They sit in chairs at study carrels along the south facing glass wall of the library at the new Canada Education Park campus in Chilliwack. The only sounds are clicking laptop keys, shuffling papers and distant chatter among library staff.

Suddenly, just after 1 p.m., the quiet is shattered by the sound of multiple bursts of 9mm pistol fire from RCMP officers training less than 200 metres away.

Volleys of gunfire can be unnerving to the uninitiated, disruptive to the studious or a mild irritant to those resigned to the fact that their school, their classrooms, their labs are right next to an open-air firing range.

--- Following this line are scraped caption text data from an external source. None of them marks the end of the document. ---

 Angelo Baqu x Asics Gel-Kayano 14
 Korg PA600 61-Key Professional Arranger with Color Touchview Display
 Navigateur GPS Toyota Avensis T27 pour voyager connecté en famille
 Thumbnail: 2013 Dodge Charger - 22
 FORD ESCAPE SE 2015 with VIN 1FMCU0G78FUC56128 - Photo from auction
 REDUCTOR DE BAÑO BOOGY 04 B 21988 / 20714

A Dec. 10 Tweet from a UFV student with the handle @JakeKuban-ski says it all: "I'm such a dumbass... go study in the Chilliwack campus library that's a brilliant idea. I mean its right beside a active firing range."

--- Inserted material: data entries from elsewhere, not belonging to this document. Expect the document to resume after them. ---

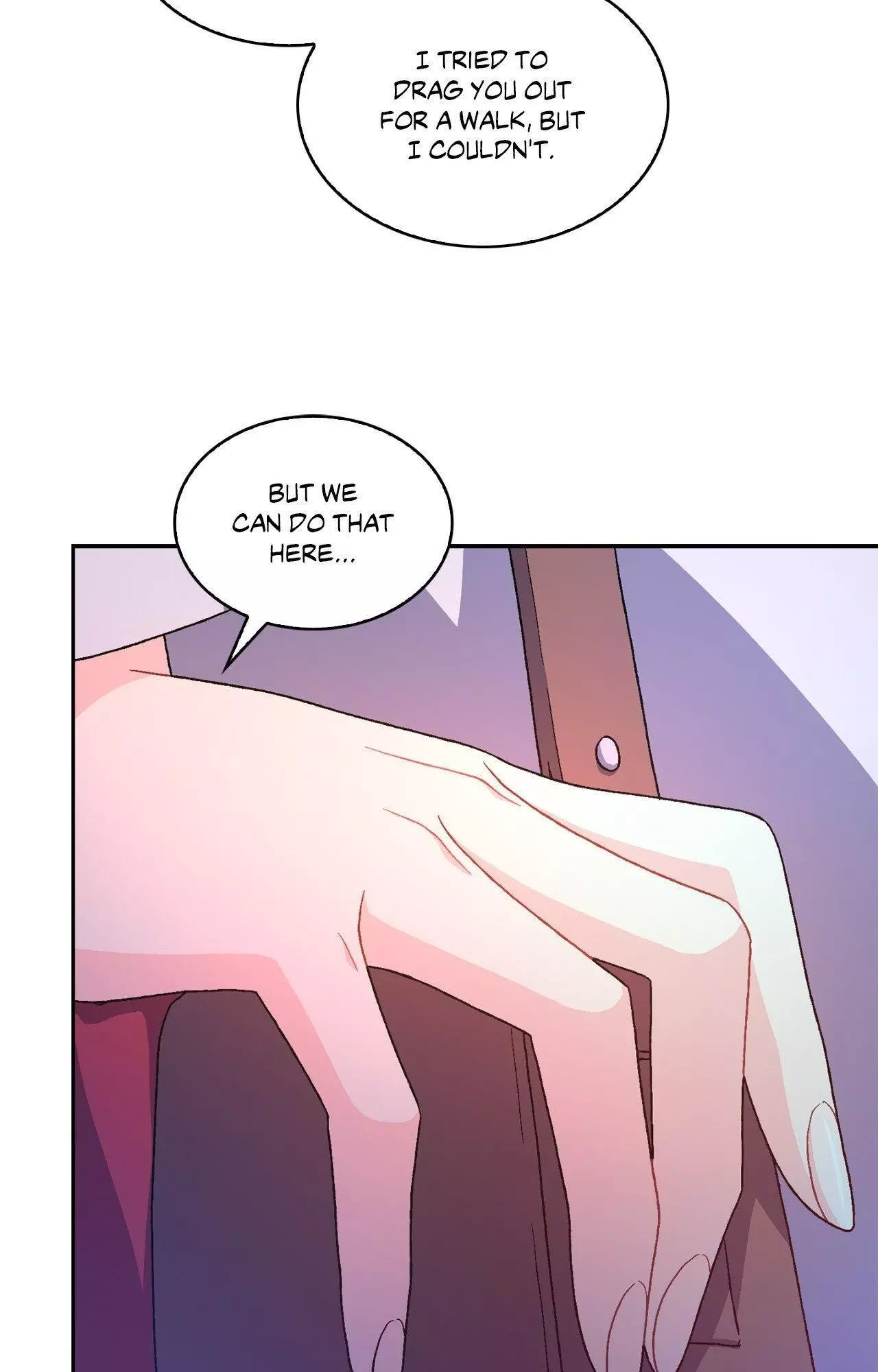 Arthur - Chapter 96 Page 26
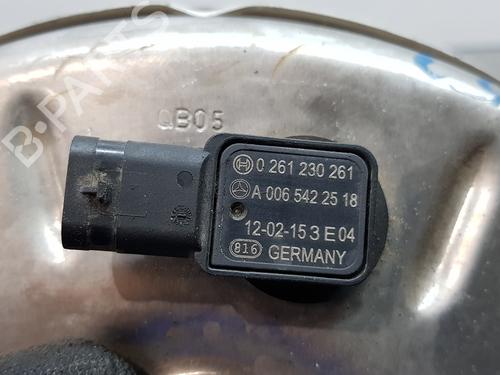 Servo brake MERCEDES-BENZ B-CLASS Sports Tourer (W246, W242)  | BP18349859M42 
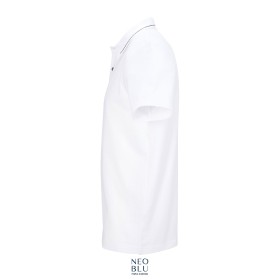 Polo Piqué Unisexe Orel 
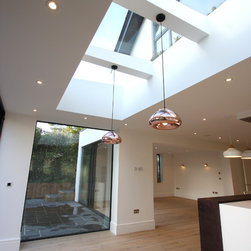 Beechcroft - Patio Doors & Bi-fold Doors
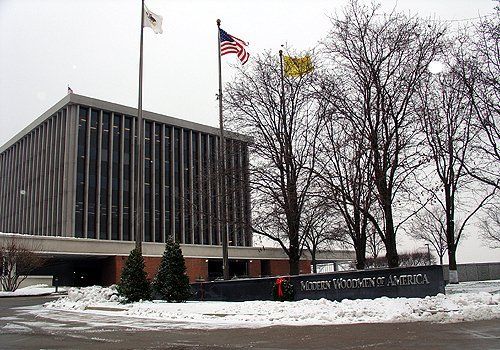 Institutional Painting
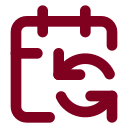 Calendar Sync icon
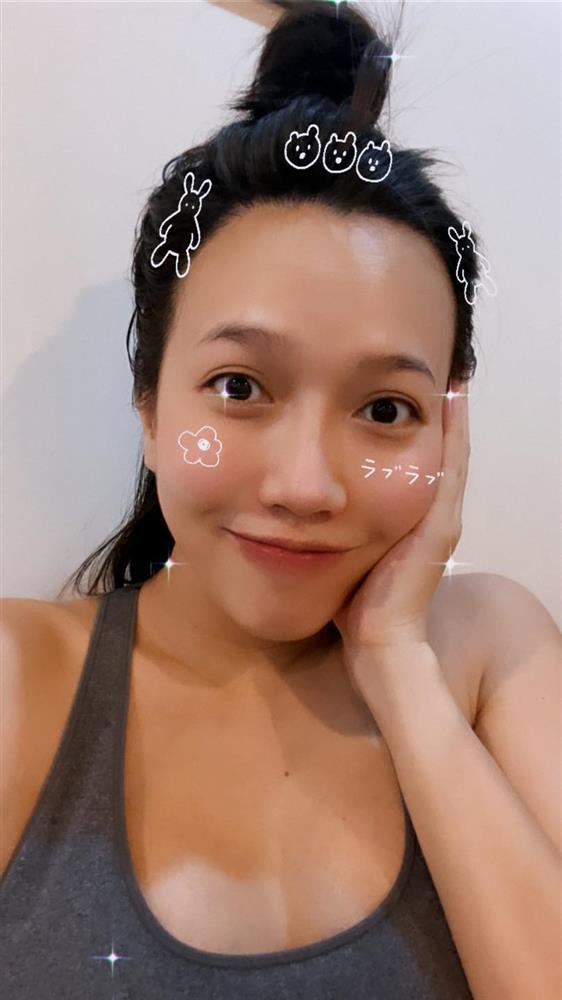 Diệu Nhi ngầm xác nhận đã lên chức "mẹ bỉm" chỉ qua 1 chi tiết này? - 4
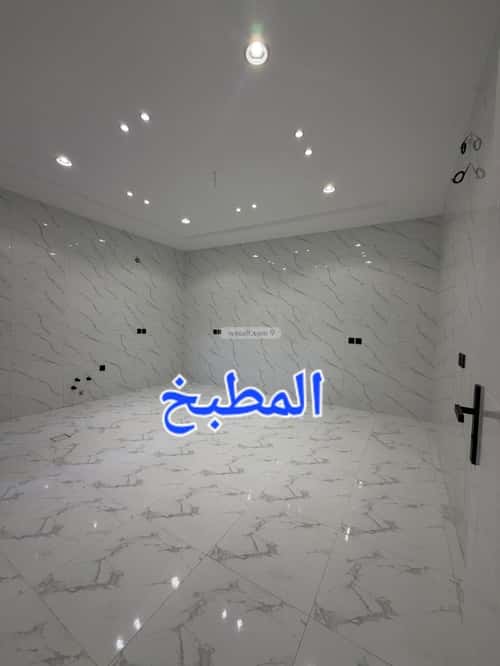 Villa 329.76 SQM Facing South on 30m Width Street Al Rahab, Alttayif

UFV owns the land where the RCMP's Pacific Region Training Centre (PRTC) firing range is located, and administrators' response to the situation remains diplomatic yet defiant.

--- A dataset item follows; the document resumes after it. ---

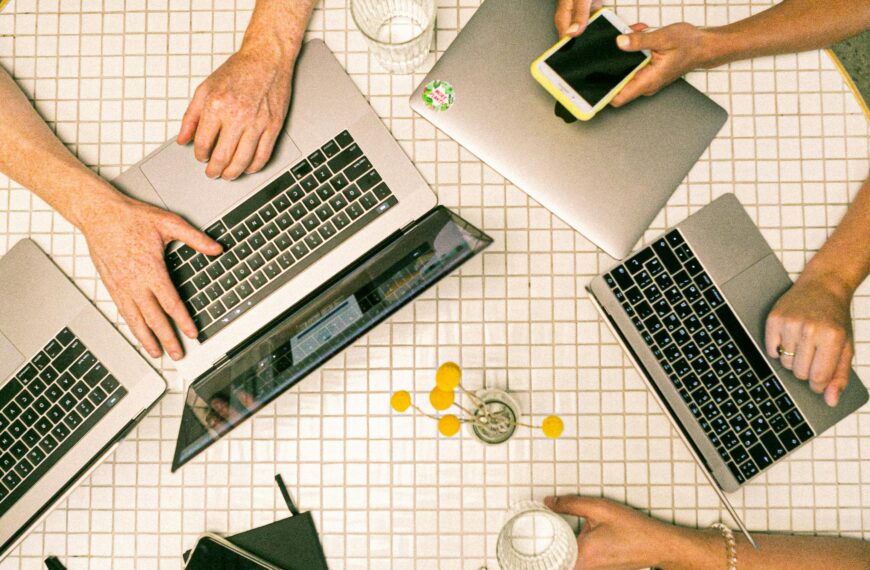 Intern – Marketing (f/m/d)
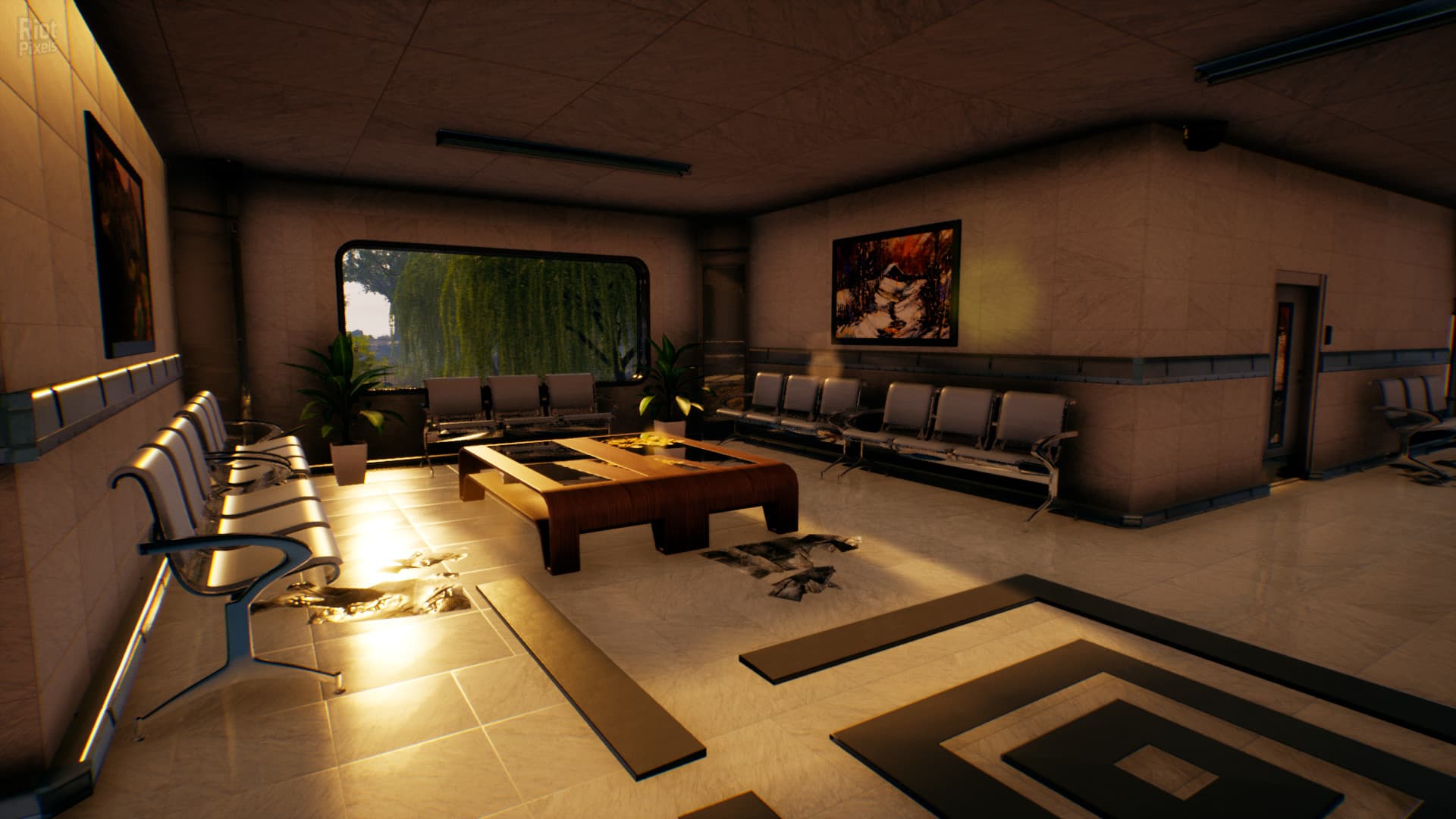 MINDMIST screenshot 1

"We at UFV really recognize the service that they provide," UFV facilities director Craig Toews told the Times. "We want to support them meeting their education goals. Having said that, gun noise is definitely a disturbance on campus and we have received some complaints from students and faculty."

UFV's new campus building is surrounded by the RCMP. The force's main Pacific Region Training Centre (PRTC) campus is to the north, parking is to the east and the firing range is to the south.

Thousands of RCMP members receive training every year at PRTC, as do Department of Fisheries and Oceans officers, Canada Border Service Agents (CBSA), Corrections Canada officers as well as men and women from municipal police forces.

The CBSA no longer uses the open-air firing range as it installed 18 modular units at a cost of $3.9 million in June of 2010.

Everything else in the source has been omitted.